3.2.1 Vibration monitoring

Apart from visible damages, vision-based methods are also efficient ways to provide vibration signals to identify invisible damages. Deng et al (2020c) developed an intelligent non-contact remote sensing method in which a uniaxial automatic cruise acquisition device was designed to collect image sequences from bridge surface before they were inputted into a three-dimensional (3D) CNN to identify the envelope spectrum of the holographic deformation. Then, the deflection curvature difference was used to identify the change of damage location and degree. Their experiments demonstrated that the holographic deformation is higher sensitive in damage identification than the limited number of measuring points.

Furthermore, cable forces estimation of urban bridges, according to the drone-captured video, has been realized by Zhang et al (2021). Firstly, a pre-trained FCN was adopted to identify bridge cables and further extract their displacement. Then, EMD was employed for extracting cable vibration signals and eliminating the effect of drone motion. Finally, natural frequencies of the cables were obtained by performing Fourier analysis on extracted cable vibration and further adopted for cable force estimation.

In traditional vision-based vibration measurement methods, template matching algorithm and corner detection algorithm are usually used to track and locate the target, but they are sensitive to the quality of images, which often is poor due to insufficient illumination or fog. Xu et al (2021) thus proposed a distraction-free displacement measurement approach by integrating DL-based Siamese tracker with correlation-based template matching. The DL-based Siamese tracker applied deep feature representations and learned similarity measures for image matching and also considered adaptive template updates with time. The method was then implemented on a short-span footbridge and a long-span road bridge, where its potential to handle challenging scenarios including illumination changes, background variations, and shade effects, was demonstrated. Shao et al (2021) combined the MagicPoint network and the SuperGlue network to achieve target-free full-field 3D vibration displacement measurement and demonstrated the combination’s accuracy compared with traditional sensors, while the combination is more cost effective. Furthermore, they (Shao et al 2022) employed a phased-based video motion magnification algorithm to achieve a higher accuracy of tiny vibrations at the submillimeter level.

3.2.2 Component identification

After various damages are detected, the rating of a structure needs to be provided by a comprehensive assessment in which importance of different components should be considered (Zhu et al 2010). This requires spatially relating identified damages with structural elements. However, inspection images, especially captured by aerial inspection platforms, usually contain complex scenes, wherein structural elements mix with a cluttered background. Extracting structural elements from complex images and sorting them is thus meaningful for SHM.

With a small dataset labeled by inspectors, Karim et al (2021) transferred a Mask R-CNN to segment multi-class bridge components from the videos captured by an UAV. False negatives were recovered by the temporal coherence analysis and a semi-supervised self-training method was developed to engage experienced inspectors in refining the network. The model’s performance reached 91.8% precision, 93.6% recall, and 92.7% F1-score.
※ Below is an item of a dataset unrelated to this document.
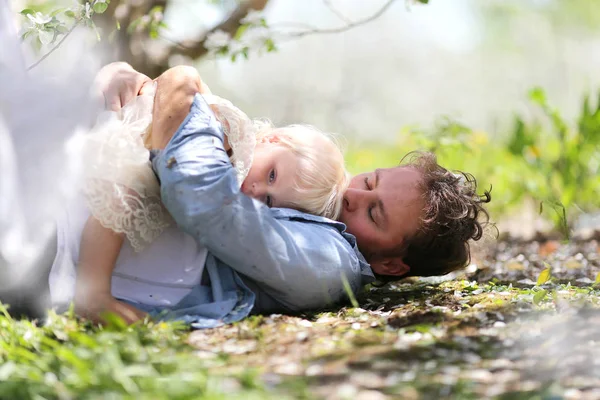 一个快乐的父亲正在亲吻他两岁的小女儿 因为他们躺在外面开花的苹果树下 在一个春日 — 图库照片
Point clouds in 3D space can also provide sufficient information for this purpose. Kim et al (2020) extracted a high-resolution set of point clouds from the full-scale bridge by subspace partition and employed PointNet to classify the points in each subspace. Kim and Kim (2020) compared the performance of three DL models, PointNet, PointCNN, and dynamic graph CNN (DGCNN), in the classification of a point cloud of the bridge components and found that the mean interval over the unit of DGCNN was 86.85, which is higher than the others (see Fig. 10).

Fig. 10
figure 10

Identification results of points clouds in the research of Kim and Kim (2020)

3.2.3 External load

Moving vehicles are one of the main sources of live loads on bridges, and gathering their information is essential for SHM. Bridge weigh-in-motion that exploits bridge components, e.g., decks, girders, and vertical stiffeners, as weighting scales, is the most frequently adopted solution for this purpose, and DL brings efficient solutions for some of its drawbacks.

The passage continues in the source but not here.